# Power max vs Power Max HD



## Ducky (Sep 30, 2015)

so I'm looking for a 24" machine. I would prefer to have a method of steering. With that said, I just posted about a deluxe 24" or a 300 series Husqvarna. The only way to be fair would be to look at the HD. However they only offer it in a 26" option. I would rather have a smaller unit but I can make it fit. For my driveway am I way over killing this? The 724 toro has such small dorky little tires, no lights and I see this year all Toro uses Loncin engines vs LCT or Briggs. How do we know these motors will be any good? The plastic shoot and control work super fast. But man oh man do they feel cheap. I know they are warranted to last forever but wow. I also posted a question about Ariens and Husqvarna. Give me your thoughts.


----------



## Sparky78 (Aug 23, 2015)

Power max HD if you have the room. That's a little monster from what I can see. I went Husqvarna because of the plastic on the Toro and the hydro transmission. Other than that I think it would be a good machine. But all new engines are concerning. How do we know they will last?


----------



## cbnsoul (Nov 13, 2012)

I read your other post. I have a slightly larger drive than you with a fairly steep slope. I'm probably going to buy the Toro Power Max HD 826 OXE tomorrow. I too would prefer a 24" model but like the weight distribution of the Toro much better than the Ariens models (haven't really looked at the Huskys as we don't have a dealer nearby). I agree that the non HD tires are awfully puny. To go from the 826 to the 826 HD is only a few hundred dollars and the HD is a much beefier machine. I do wish it had the hand warmers present in the models above it, though. Our dealer doesn't stock the 928 but I'd love a 1028 with the bigger engine.  It's $500 more, though, than the 826 HD so hard to justify the cost.


----------



## Sparky78 (Aug 23, 2015)

cbnsoul said:


> I read your other post. I have a slightly larger drive than you with a fairly steep slope. I'm probably going to buy the Toro Power Max HD 826 OXE tomorrow. I too would prefer a 24" model but like the weight distribution of the Toro much better than the Ariens models (haven't really looked at the Huskys as we don't have a dealer nearby). I agree that the non HD tires are awfully puny. To go from the 826 to the 826 HD is only a few hundred dollars and the HD is a much beefier machine. I do wish it had the hand warmers present in the models above it, though. Our dealer doesn't stock the 928 but I'd love a 1028 with the bigger engine. It's $500 more, though, than the 826 HD so hard to justify the cost.

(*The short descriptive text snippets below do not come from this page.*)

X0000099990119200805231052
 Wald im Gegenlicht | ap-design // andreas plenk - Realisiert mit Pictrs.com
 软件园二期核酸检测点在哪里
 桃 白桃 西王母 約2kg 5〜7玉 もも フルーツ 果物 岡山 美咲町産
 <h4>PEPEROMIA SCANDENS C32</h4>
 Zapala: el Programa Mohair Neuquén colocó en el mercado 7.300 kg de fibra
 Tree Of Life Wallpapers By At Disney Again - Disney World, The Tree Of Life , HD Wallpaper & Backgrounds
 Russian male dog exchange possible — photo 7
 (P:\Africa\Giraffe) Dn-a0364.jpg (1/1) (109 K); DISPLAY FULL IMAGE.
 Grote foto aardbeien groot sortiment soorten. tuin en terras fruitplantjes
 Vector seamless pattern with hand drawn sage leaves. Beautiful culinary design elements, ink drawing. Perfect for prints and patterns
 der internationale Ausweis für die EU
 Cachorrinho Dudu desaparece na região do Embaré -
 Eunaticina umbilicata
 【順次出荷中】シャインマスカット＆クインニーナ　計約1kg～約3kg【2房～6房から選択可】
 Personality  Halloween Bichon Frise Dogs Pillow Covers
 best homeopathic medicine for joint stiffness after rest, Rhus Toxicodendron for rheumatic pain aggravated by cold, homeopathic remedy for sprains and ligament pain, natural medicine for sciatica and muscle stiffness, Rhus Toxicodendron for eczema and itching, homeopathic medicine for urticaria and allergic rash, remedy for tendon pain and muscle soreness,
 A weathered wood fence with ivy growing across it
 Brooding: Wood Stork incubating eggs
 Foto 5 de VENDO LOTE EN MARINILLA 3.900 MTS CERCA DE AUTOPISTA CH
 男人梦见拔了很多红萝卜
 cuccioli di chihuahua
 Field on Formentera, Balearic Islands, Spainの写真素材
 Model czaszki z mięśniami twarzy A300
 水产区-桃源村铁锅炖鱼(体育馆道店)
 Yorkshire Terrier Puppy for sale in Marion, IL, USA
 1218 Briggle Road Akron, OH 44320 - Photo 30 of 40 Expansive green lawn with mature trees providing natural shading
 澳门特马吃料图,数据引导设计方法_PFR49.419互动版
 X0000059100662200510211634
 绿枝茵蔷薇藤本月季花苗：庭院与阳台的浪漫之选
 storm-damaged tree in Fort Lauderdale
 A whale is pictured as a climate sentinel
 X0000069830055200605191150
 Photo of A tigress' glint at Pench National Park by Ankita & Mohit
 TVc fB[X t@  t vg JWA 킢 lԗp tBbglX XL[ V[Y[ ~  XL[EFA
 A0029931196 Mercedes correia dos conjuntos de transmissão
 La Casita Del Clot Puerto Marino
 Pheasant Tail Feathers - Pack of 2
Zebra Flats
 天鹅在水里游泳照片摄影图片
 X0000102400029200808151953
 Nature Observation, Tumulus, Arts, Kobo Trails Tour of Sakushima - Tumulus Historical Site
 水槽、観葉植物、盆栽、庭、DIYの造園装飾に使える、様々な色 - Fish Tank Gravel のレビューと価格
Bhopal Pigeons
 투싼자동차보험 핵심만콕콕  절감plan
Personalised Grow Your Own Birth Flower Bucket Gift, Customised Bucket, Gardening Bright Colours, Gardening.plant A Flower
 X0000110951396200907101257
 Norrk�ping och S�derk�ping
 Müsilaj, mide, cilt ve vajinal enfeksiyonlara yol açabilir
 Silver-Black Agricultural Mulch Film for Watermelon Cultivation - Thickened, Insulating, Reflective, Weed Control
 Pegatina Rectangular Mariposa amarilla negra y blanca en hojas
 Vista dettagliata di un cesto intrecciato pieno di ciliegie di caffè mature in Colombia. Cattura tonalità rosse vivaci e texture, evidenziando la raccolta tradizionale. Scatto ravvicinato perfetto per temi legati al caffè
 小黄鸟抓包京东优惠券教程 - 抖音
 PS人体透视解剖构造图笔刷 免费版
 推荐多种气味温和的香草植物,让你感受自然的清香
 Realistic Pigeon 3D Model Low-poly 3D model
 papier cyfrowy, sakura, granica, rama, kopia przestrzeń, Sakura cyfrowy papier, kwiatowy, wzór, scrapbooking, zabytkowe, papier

Cbnsoul, I think the Toro HD should serve you well. I also noticed how much better the weight distribution is over others. Not sure that's good or bad? It could ride up easier on the snow, however when pulling it back or pushing it out of the garage there's nothing to it. I first thought it was just lighter because of all the plastic. It's not, they are all within a few pounds of each other. I can see it being less tiring to run. It was a very very close second to the Husqvarna I purchased. Time will tell if one was better than the other.


----------



## Bryan78 (Jan 10, 2015)

I contemplated the same thing myself, but feel the HD version is the better overall choice. They both have the same engine, but the HD is well, much heavier duty. The weight difference between the 826 non-HD and HD is roughly 70 pounds. Think the 928 is nice, but with it being a 28 and about 20 pounds heavier I would think the difference would be fairly minimal. The 1028 is probably another story, but the price difference is pretty significant. Best of luck to you.


----------



## Ducky (Sep 30, 2015)

So what's anyone know about these new Loncin engines? How do they stack up to LCT?


----------



## Zavie (Sep 23, 2014)

HD all day long! Well OK I do get excited about the Toro HD's. In reality if you are doing a fairly level drive and not a massive area the non-HD will serve you well. I don't have the luxury of a level drive and I'm expected to clean a lot of the backyard for our dogs. So when I was looking to buy even the Toro dealer said I'd want bigger tires than the non-HD. That's one of the reasons I went with my Husqvarna. That and my Husqvarna dealer is outstanding. I know the service guys fairly well at the hardware store that sells Toro's and they have nothing but good things to say about the engines on them. These are the service guys and they give me the straight answers about this stuff.


----------